Successivamente, l’art. 6 del D.L. 78/2010 aveva disposto che, a decorrere dal 1 gennaio 2011 (e fino al 31/12/2017 per effetto di alcune proroghe), le indennità, i compensi, i gettoni, le retribuzioni o le altre utilità comunque denominate, corrisposti ai componenti di organi di indirizzo, direzione e controllo, consigli di amministrazione e organi collegiali comunque denominati ed ai titolari di incarichi di qualsiasi tipo, fossero automaticamente ridotti del 10% rispetto agli importi risultanti alla data del 30 aprile 2010, con una previsione che è stata ritenuta applicabile anche agli organi di revisione.

Fermo quanto sopra, nondimeno, la natura convenzionale del rapporto tra organo revisore e ente locale, seppur eterointegrata da disposizioni quali quelle in precedenza richiamate, trova la sua disciplina giuridica nelle norme del codice civile anche alla luce della volontà delle parti.

Di conseguenza, il Consiglio può (e poteva) in ogni caso deliberare compensi inferiori rispetto a quelli indicati nel D.M. del 2005, il quale – invero – fissa esclusivamente gli importi massimi che l’ente può riconoscere ai propri revisori, essendo palese che il legislatore non ha inteso stabilire un tetto minimo al compenso dei revisori, privilegiando, da un lato, l’interesse dell’ente ad una prestazione qualificata, garantita dalle modalità di scelta del revisore e, dall’altro, quello al contenimento della spesa pubblica mediante limiti massimi al corrispettivo.

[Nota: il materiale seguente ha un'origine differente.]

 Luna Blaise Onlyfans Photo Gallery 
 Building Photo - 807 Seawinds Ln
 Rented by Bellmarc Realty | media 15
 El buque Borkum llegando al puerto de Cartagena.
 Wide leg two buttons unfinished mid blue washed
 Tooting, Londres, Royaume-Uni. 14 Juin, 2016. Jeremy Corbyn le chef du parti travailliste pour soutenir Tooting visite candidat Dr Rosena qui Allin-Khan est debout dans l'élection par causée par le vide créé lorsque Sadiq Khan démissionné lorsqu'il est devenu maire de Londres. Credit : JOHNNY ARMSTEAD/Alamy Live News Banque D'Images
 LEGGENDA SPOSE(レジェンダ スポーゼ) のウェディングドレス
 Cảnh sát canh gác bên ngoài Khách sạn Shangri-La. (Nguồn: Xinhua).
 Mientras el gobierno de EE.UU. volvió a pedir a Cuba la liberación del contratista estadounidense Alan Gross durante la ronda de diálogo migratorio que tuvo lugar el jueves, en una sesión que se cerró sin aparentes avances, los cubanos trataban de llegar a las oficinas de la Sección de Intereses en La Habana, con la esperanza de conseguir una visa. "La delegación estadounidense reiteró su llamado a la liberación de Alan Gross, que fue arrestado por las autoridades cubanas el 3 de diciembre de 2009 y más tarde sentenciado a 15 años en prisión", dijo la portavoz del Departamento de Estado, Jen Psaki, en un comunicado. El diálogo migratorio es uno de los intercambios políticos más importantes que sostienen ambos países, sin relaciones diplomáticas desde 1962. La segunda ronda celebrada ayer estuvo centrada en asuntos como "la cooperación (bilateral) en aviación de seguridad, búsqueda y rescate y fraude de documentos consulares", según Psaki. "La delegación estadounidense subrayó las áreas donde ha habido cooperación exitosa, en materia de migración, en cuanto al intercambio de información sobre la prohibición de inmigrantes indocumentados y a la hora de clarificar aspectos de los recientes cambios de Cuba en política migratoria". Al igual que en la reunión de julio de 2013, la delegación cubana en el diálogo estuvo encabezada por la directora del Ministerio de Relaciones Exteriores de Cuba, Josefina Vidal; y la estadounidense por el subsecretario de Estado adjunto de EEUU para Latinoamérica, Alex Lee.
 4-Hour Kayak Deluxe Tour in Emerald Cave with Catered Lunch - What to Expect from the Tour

Ecco perché, per risolvere la questione in concreto, occorre determinare se l’ente aveva inteso esercitare siffatto spazio di autonomia mediante la (scelta di) riduzione del compenso spettante all’organo di revisione, ipotesi che non rende possibile la riespansione dell’importo riconosciuto in modo automatico ovvero se aveva intesa richiamarsi all’ammontare del D.M., con una soluzione – diversa dalla precedente – che consente di ripristinare il trattamento economico riconosciuto all’organo di controllo.